3.   I further note that the majority ignores the fact that the underlying bases for tort recovery of medical expenses and the payment of an insured's medical benefits are distinct.   The basis for the former is liability-an injured party is entitled to receive compensation, including the reasonable value of medical services, from a culpable tortfeasor.   The basis for the latter is contractual-health insurers are contractually obligated to pay medical benefits to, or on behalf of, their insureds.   See Michael F. Flynn, Private Medical Insurance and the Collateral Source Rule:  A Good Bet?, 22 u. Tol. L. Rev. 39, 65 (1990).   Likewise, medical providers are sometimes contractually obligated to accept as payment in full reimbursement from health insurers which is less than the reasonable value of the services actually provided to the insured.   By concluding that the contractual obligations between an insured and his or her health insurer and a medical provider and that insurer diminish the insured's recovery of compensatory damages, the majority blurs the distinction between the bases for tort recovery of medical expenses and payment of an insured's medical benefits.

4.   In support of its conclusion, the majority also claims that awarding Baxter the additional amount of $96,500.91 would violate the tenets of fair compensation.   The majority claims that its conclusion is consistent with several theories:  that damages cannot be presumed, that damages must be reasonably precise, that duplicative recovery results in unjust enrichment, that the injured person should be compensated with the least burden to the wrongdoer, and that a plaintiff has a duty to mitigate damages.There were no presumed damages in this case.   In fact, the parties stipulated to the exact amount of the medical expenses:  $108,668.31.   While it is true that an injured party cannot recover twice for one injury, under the collateral source rule, the tortfeasor is required to pay for all the harm he causes, even if this creates a double compensation for part of the plaintiff's injuries.   restatement (Second) of Torts § 920A cmt. b.

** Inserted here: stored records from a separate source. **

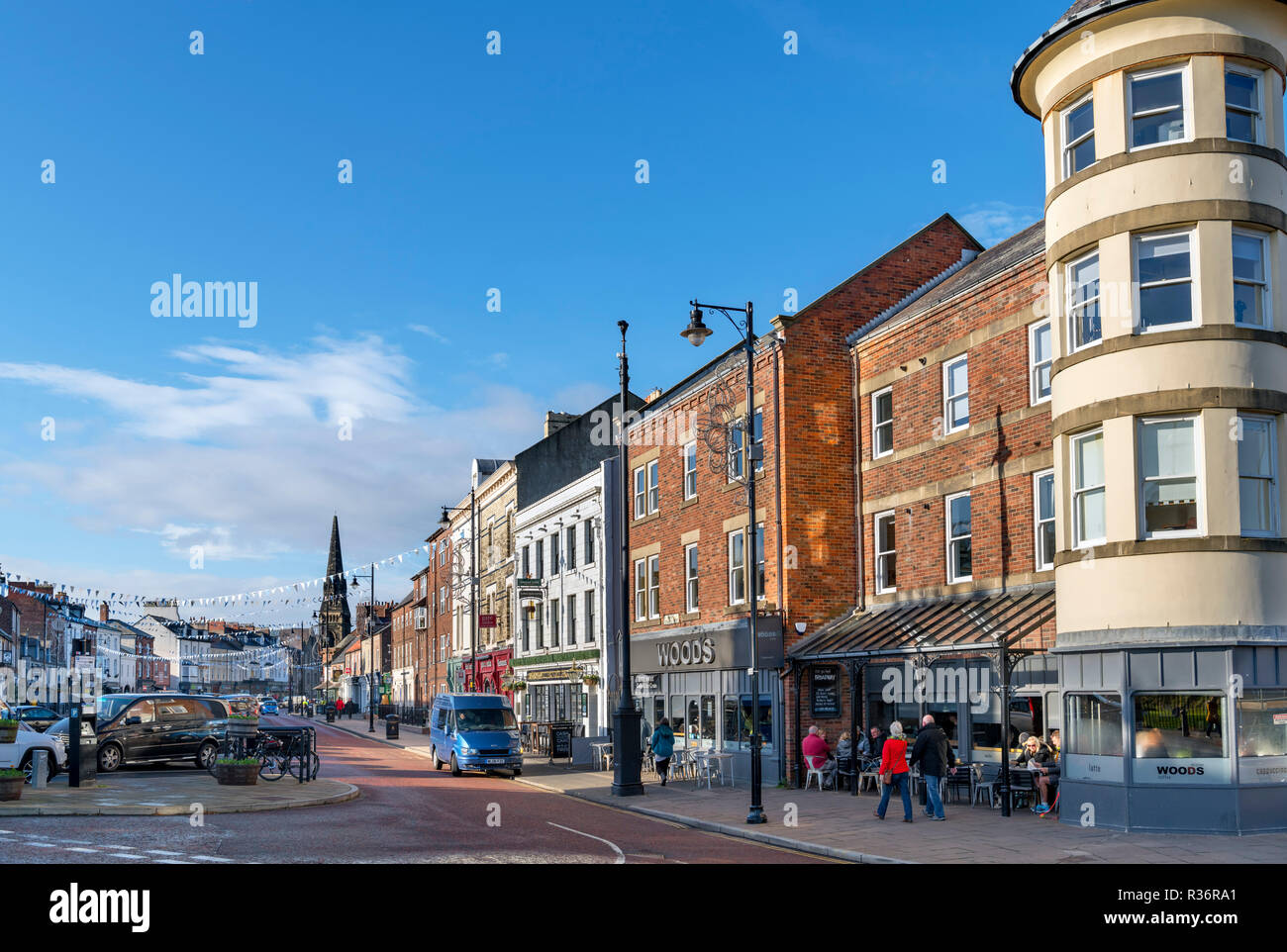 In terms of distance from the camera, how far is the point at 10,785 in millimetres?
20297

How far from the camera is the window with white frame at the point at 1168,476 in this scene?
57.2ft

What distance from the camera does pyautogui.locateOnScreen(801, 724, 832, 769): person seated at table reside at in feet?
83.8

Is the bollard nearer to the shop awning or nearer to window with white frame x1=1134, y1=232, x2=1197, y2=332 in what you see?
the shop awning

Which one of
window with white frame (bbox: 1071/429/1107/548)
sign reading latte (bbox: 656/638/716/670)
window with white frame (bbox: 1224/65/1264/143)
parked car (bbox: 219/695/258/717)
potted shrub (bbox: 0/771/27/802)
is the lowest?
parked car (bbox: 219/695/258/717)

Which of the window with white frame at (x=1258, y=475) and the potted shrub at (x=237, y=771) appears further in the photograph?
the potted shrub at (x=237, y=771)

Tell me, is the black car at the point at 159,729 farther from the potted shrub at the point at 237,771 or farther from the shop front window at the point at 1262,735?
the shop front window at the point at 1262,735

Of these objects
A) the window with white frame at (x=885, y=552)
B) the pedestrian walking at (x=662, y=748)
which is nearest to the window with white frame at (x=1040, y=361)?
the window with white frame at (x=885, y=552)

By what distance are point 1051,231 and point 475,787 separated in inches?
692

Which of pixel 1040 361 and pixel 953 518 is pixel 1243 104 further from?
pixel 953 518

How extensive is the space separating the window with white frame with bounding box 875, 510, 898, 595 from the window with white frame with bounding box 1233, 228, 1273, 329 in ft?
33.9

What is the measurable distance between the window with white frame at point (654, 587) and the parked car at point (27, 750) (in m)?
16.6

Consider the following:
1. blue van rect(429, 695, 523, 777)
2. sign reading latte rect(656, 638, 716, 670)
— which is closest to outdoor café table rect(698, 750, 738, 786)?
sign reading latte rect(656, 638, 716, 670)

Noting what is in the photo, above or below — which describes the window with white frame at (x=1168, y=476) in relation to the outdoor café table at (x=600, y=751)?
above

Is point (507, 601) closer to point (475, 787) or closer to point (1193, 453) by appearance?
point (475, 787) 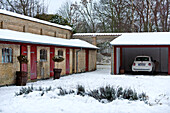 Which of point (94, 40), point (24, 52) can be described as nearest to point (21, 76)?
point (24, 52)

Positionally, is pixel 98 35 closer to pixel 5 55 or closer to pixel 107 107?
pixel 5 55

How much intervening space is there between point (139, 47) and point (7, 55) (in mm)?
10512

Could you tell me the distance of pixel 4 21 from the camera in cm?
1608

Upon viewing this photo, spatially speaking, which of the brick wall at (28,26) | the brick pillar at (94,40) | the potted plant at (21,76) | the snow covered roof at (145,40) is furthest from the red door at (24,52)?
the brick pillar at (94,40)

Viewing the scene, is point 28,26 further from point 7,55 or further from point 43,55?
point 7,55

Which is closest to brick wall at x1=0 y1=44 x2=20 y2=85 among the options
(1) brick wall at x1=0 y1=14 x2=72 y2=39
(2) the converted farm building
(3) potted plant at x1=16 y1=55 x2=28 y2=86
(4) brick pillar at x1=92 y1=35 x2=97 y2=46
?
(2) the converted farm building

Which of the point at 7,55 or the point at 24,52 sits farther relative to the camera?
the point at 24,52

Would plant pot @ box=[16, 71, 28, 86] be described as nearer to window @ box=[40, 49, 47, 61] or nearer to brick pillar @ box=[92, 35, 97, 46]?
window @ box=[40, 49, 47, 61]

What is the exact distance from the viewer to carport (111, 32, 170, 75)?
19078 mm

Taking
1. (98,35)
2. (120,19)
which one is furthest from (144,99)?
(120,19)

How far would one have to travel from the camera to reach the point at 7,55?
1330 centimetres

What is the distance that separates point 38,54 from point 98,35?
1216 centimetres

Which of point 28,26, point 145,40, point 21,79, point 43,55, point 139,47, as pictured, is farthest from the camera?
point 145,40

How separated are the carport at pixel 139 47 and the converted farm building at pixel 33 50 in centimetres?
345
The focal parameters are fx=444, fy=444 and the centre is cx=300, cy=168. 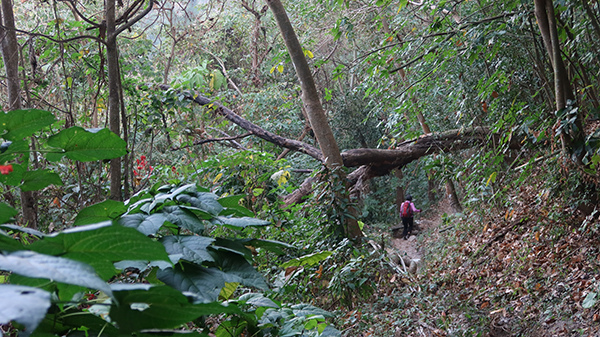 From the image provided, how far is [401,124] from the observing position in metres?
6.98

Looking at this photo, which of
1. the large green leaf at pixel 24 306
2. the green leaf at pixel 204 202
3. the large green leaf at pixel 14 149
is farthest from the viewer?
the green leaf at pixel 204 202

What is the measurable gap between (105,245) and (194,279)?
27 cm

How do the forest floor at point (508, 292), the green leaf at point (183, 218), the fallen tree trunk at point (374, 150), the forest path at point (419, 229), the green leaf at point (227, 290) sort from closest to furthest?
1. the green leaf at point (183, 218)
2. the green leaf at point (227, 290)
3. the forest floor at point (508, 292)
4. the fallen tree trunk at point (374, 150)
5. the forest path at point (419, 229)

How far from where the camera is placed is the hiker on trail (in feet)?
38.9

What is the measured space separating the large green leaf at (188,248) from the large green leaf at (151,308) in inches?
7.4

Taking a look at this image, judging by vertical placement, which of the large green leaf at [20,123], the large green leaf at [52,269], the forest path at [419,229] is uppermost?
the large green leaf at [20,123]

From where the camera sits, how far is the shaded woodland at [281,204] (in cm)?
57

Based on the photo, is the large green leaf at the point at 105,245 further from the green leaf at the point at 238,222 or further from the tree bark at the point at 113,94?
the tree bark at the point at 113,94

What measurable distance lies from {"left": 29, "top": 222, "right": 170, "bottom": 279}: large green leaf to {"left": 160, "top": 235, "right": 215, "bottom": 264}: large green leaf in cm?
22

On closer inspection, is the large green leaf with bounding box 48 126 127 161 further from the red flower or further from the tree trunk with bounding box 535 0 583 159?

Moreover, the principle behind the collateral source rule, that it is better for the wronged plaintiff to receive a windfall than for the tortfeasor to pay less than the damages he owes, specifically refutes the majority's contention.  Johnson v. Beane, 541 Pa. 449, 456, 664 A.2d 96, 100 (1995).Finally, the majority finds that the principle of damage mitigation applies in the instant case.   For example, the majority cites Robison v. Rupert, 23 Pa. 523 (1854), where this Court held that the plaintiff could not receive full compensation for damages caused when the defendant shot into a crowd of youths rioting outside his home.   I fail to see how this rule of law applies to the instant case.   Moreover, it stretches the bounds of relevance to analogize a patient injured by the negligence of a medical provider to the trespassing plaintiff in Robison, who was injured after provoking the defendant landowner.

CAPPY, Justice.

Justice SAYLOR did not participate in the consideration or decision of this matter. Justice ZAPPALA concurs in the result. Justice NIGRO files a dissenting opinion.